# Ciaphas Cain VS Ibram Gaunt



## dark angel (Jun 11, 2008)

Well, seeing as there have been alot of these versus threads latelly, and this has been bugging me for a while, I decided to throw this into the fray. Both are Commissar's as many of you may well know, and it is thus easier, and not impossible to compare the two unlike many other threads of this nature. 

I personally, think that Gaunt would come out on top. While Cain is noted for being a excellent swordsman, he is also, from what I made out when reading the omnibus, a coward who is over-rated. Gaunt, is also, what I have read, rather good with his blade, so I believe they would be on par there. However, I believe Cain has a Chain-Sword rather than a Power-Sword? 

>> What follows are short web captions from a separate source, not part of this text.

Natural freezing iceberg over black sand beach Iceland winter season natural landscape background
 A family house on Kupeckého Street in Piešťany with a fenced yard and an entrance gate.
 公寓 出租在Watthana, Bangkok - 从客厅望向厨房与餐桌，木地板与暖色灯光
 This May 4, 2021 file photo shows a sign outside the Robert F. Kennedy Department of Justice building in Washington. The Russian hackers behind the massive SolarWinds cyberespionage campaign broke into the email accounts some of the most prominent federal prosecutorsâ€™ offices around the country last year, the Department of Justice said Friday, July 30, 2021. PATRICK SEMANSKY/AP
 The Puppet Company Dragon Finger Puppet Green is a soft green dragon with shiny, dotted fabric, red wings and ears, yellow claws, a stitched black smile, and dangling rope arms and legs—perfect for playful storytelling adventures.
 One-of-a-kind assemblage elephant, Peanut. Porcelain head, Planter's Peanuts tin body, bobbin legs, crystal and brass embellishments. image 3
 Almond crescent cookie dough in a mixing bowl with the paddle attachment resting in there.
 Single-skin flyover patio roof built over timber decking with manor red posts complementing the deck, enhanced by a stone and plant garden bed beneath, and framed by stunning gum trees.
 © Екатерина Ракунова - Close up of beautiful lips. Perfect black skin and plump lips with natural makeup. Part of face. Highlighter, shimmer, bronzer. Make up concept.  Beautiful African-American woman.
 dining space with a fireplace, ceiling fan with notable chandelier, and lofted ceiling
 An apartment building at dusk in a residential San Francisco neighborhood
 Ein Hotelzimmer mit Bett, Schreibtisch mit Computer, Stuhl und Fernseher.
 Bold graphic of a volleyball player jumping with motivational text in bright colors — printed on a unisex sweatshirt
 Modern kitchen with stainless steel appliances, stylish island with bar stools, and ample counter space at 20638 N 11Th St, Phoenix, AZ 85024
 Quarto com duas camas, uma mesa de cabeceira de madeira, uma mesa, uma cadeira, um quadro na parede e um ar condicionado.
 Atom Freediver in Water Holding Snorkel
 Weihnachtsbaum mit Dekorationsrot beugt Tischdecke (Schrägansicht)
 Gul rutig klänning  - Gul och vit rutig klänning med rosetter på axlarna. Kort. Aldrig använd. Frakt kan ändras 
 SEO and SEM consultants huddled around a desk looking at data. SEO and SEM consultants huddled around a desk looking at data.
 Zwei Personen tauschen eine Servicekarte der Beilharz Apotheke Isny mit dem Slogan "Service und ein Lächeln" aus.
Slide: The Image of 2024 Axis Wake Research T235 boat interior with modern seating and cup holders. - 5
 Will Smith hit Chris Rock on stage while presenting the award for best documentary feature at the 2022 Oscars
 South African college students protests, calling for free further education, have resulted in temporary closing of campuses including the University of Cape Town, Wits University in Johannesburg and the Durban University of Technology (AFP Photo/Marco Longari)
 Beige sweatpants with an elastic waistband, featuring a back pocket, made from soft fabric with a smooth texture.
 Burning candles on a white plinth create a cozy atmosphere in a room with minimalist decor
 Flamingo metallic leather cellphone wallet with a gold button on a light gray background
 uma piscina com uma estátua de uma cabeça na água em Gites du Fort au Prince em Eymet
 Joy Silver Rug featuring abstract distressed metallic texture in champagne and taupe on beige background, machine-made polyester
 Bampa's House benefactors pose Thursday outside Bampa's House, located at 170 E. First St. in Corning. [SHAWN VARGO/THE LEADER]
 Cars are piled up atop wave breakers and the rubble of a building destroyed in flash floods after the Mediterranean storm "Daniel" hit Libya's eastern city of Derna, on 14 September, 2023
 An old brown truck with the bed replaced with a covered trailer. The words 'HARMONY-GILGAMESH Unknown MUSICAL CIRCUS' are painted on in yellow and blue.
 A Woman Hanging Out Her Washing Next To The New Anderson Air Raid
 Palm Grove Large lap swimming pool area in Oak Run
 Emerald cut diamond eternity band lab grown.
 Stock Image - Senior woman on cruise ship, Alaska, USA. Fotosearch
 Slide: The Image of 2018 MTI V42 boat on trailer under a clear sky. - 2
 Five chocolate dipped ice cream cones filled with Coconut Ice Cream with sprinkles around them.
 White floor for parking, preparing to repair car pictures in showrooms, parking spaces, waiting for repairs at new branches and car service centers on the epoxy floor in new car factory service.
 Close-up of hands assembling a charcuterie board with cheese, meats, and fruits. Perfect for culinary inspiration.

Now, I declare this debate open


----------



## Kale Hellas (Aug 26, 2009)

cain would win because he'd just jump out of the way and let his aide kill him with his melta , like he does with most of the things he fights, cain isn't a coward he just doesn't want to fight all the big bad evil things in the galaxy and thats perfectly reasonable.


----------



## V.Valorum (Dec 23, 2009)

Cain, being forced into the fight because his reputation would demand it, would do everything he could to avoid Gaunt's powersword up to the point where he actually had to parry. With his chainsword then rent, he'd probably step back then 'Harrison Ford' the problem. As, obviously, he'd desire to get away to a private place to defecate immediately.


----------



## Major Strombardt (Feb 22, 2009)

Nothing could/would EVER happen to Gaunt...Eszrah ap Niht would see to that...


----------



## Stella Cadente (Dec 25, 2006)

neither, they would both be pimped slapped and told to stop pissing about and grow up by Yarrick.


----------



## XxDreMisterxX (Dec 23, 2009)

Ibram Gaunt.  or Larkin, who would blow a nice clean hole in Cain's head at the last minute..... as always.... all the time..... in every book..... haha. lol


----------



## Helvron (Jan 4, 2010)

Gaunt, cause the Saint would just kill Cain.


----------



## Lord of the Night (Nov 18, 2009)

Cain. He would duel Gaunt and then let Jurgen melta him. And throughout it Jurgen would have his familiar sense of nonchalantness.


----------



## Sethis (Jun 4, 2009)

Gaunt, because the Ghosts books are better than the Cain books.


----------



## Coder59 (Aug 23, 2009)

Cain. The smell coming from Jurgen would make Gaunt and the whole Ghosts regiment's eyes water so Cain would get a free shot.


----------



## Iistaan Venturian (Feb 11, 2010)

Dust was kicked up in a desolate updraft, giving the battlefield an eerie howl as two grand men, imposing in both stature and charisma, slowly circled each other, chainswords gently betwixt their fingers, like a pair of wolves fighting for dominance of the pack. Both clad in mutton chops were they, though ones face had a much more inquisitive, upbeat tone to it, countering his partners, which was long, pale, and gaunt with anger and fervor. The tricky one smiled.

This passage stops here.